Los personajes están estructurados dentro de una compleja pero férrea pirámide de clases y vínculos de dependencia, que va desde la cúspide (el industrial Iglesias) descendiendo a través de Ferrer, la señora de Iglesias, Milton, Vargas, hasta llegar a las mucamas y los mozos, que se mueven como sombras a un lado de la madeja principal. Virginia Soulages queda un poco apartada de esa pirámide. Es cierto que maneja los hilos de la intriga, pero lo hace con la inescrutabilidad y la lejanía de una Parca o del Destino. Esto la vuelve más simbólica que real y cuando aparece físicamente, en las últimas páginas, provoca una de las pocas fallas del libro, de la que hablaremos más adelante.

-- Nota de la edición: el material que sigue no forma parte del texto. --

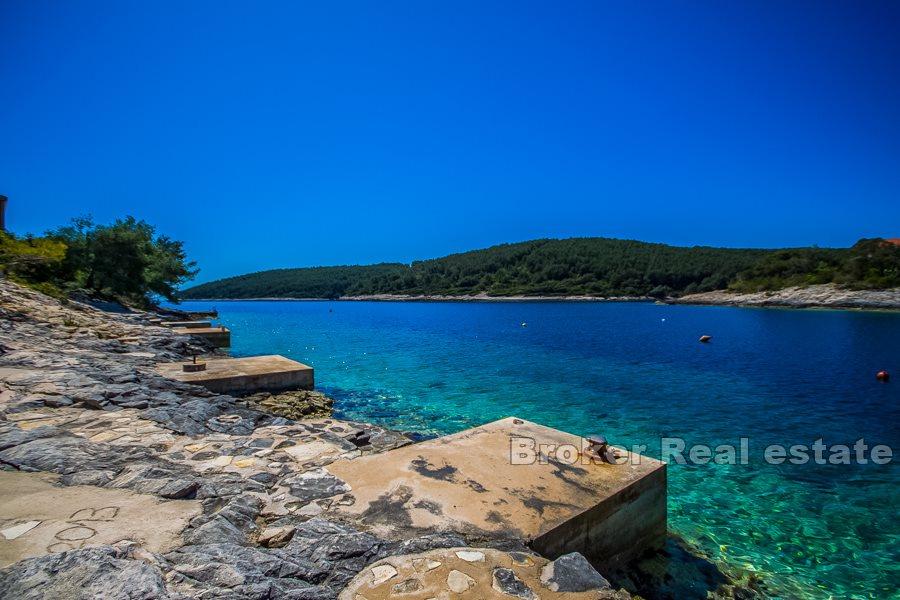 Wyspa Korcula - Ląd w drugim rzędzie do morza, z otwartym widokiem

Por último está el contorno, la atmósfera en que todos se mueven: Rosario. Martini ha sabido tratarla literariamente, como un escenario convincente, sin fisuras ni pintoresquismos, también sin simpatía. Los personajes sólo la soportan o la usan. La humedad y la llovizna permanentes que la cubren dejan de ser propiedades climáticas para convertirse casi en una exhudación de la sórdida cadena de crímenes, traiciones y humillación. Por fin, cuando todo acaba, el cielo es celeste, limpio, el sol da una luz intensa y blanca, y el foco se ha movido desde el centro o los barrios a la orilla del río, la parte menos opresiva de la ciudad.

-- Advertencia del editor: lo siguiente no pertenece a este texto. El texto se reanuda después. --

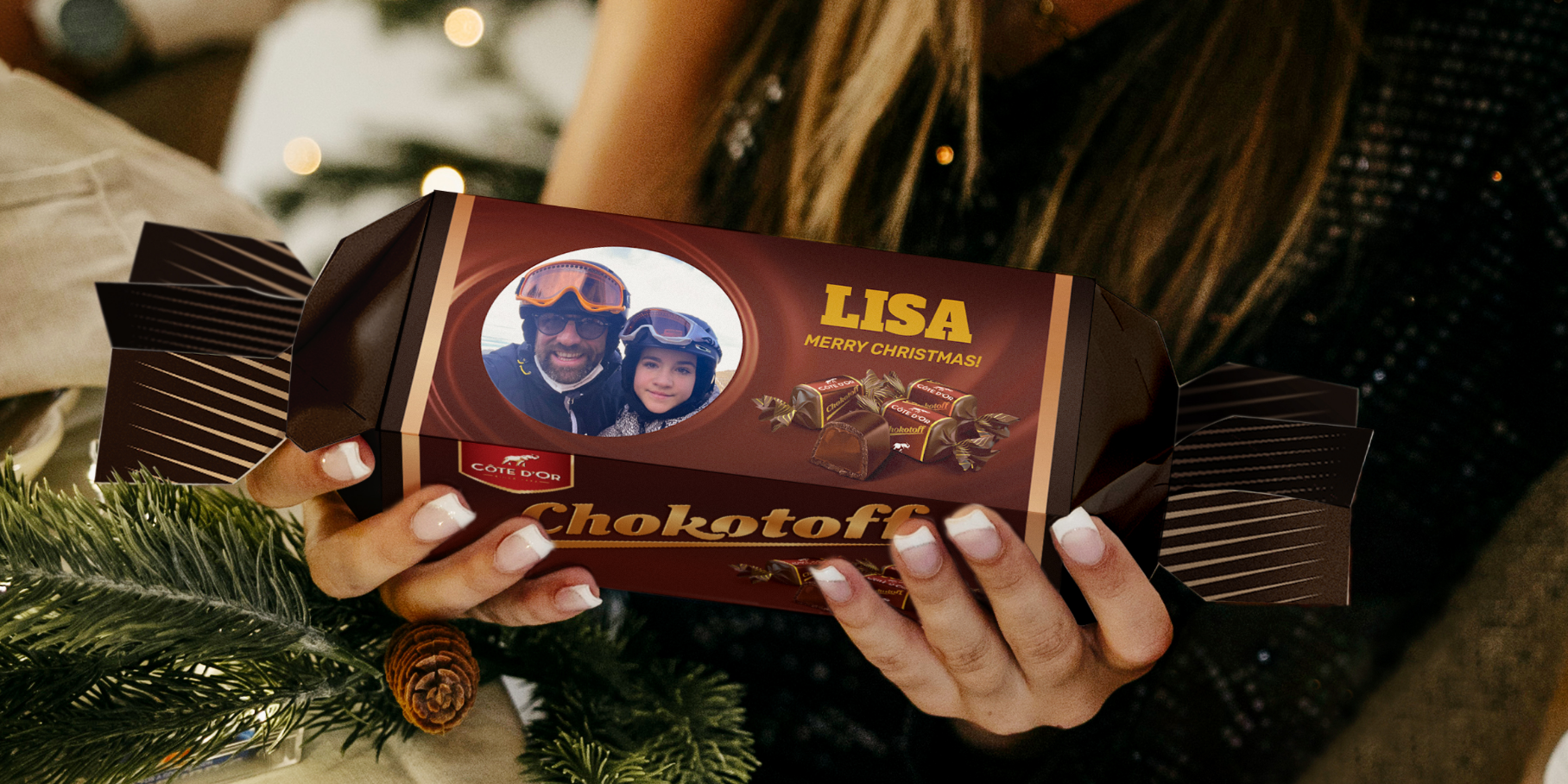 Boule de Noël en chocolat noir avec message personnalisable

Dos personajes medios, tanto por su acción como por su ubicación en la pirámide, el ex policía Vargas y el periodista Oliva, son los más trabajados. De ellos conocemos las vidas completas, detalles de la infancia y la juventud. Solís, en cambio, comparte con una larga serie de protagonistas, desde el Quijote hasta Marlowe o Archer, su destino de factor desencadenante. Es un hombre solo que únicamente puede conseguir romperse las uñas arañando la superficie de las cosas. Además, como antihéroe, está destinado a que le bajen los dientes, lo torturen, o a ser simplemente ridículo (la misma puerta que se haría astillas incluso ante el impacto de Marlowe se abre cortésmente y lo deja trastabillando frente a una Luger).
En ese mundo de decisiones masculinas, donde las mujeres quedan a un lado —lejanas (Laura Solís), impotentes (la Sra. de Iglesias), desesperadas o tristes (Lina)— recibiendo de rebote algunos golpes, que es tomado hasta con ironía por los personajes cuando se enfrentan y hablan, todos actúan conscientes de su papel, sobre todo los que están al tanto del asunto de las tierras. Por eso sorprende el papel de Virginia Soulages. No sólo se mantiene inalcanzable, como dijimos, sino que cuando es alcanzada por Solís, provoca en él una reacción poco acorde con el resto de la novela: la ahoga en un bañado, envuelto en vendas, bajo un cielo nublado, en la oscuridad. Aún justificado por la venganza, el fragmento suena discorde, con un sabor un poco grotesco, casi romántico. Este pequeño desfasaje se refleja sobre el final. Toda policial, por su mismo carácter, soporta un andamiaje lógico que, para diferenciarlo de la trama o del estilo, yo llamaría "mecánica". Dentro de esa mecánica, es un poco inconcebible que varios meses más tarde de su asesinato los patrones de Virginia no conozcan su destino, que Marín deba preguntarle justo a Solís qué ha sido de ella. Felizmente la solidez de las 170 páginas anteriores quita trascendencia a este detalle.
Juan Carlos Martini es autor de dos libros de relatos1. En ellos predominaba un estilo experimental, del que se fue despojando con el tiempo, hasta llegar a sus últimos cuentos2 y a esta novela, donde, paradójicamente, en esa prosa descarnada, casi esquemática, parece haber encontrado su voz propia.

1 El último de los onas, Buenos Aires, Galerna, 1969; Pequeños cazadores, Buenos Aires, Centro Editor, 1972.
2 "Pájaro sobre pájaro" en Pequeños cazadores; "La pura verdad" en El lagrimal trifurca, nº 9; "Procedimientos" en La Opinión Cultural, 3 de marzo de 1974; "Cuarteles de invierno", en Crisis, nº 10.

En revista Hyspamérica, nº8, octubre de 1974, pp. 97-98.